*EXERCISE:* What is the number of lines in the listing below that contain the string "Ford"? Give that number only.

*RECORDS TO USE:*
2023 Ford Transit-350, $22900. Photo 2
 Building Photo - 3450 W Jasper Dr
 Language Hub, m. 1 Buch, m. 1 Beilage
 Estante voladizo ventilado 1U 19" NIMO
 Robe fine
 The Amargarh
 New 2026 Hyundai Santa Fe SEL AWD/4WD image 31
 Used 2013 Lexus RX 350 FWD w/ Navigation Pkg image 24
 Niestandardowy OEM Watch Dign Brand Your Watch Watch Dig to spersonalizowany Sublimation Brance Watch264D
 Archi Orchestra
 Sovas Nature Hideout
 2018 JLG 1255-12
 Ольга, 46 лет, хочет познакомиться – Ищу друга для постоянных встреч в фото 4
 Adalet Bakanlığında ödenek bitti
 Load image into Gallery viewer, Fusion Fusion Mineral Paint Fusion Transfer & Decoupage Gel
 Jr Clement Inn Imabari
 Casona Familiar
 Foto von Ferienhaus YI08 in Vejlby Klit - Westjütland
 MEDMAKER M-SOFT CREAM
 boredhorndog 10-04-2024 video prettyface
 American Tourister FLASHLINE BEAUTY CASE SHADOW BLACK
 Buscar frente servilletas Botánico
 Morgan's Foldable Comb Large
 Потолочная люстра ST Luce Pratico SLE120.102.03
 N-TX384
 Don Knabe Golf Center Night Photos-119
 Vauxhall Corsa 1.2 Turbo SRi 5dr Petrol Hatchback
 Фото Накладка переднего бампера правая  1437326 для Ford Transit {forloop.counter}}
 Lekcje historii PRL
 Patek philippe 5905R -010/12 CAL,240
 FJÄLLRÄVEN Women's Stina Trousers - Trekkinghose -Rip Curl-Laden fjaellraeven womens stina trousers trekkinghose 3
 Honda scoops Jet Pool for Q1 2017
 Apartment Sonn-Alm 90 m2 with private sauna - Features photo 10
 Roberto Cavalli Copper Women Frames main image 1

*ANSWER BOX:* 2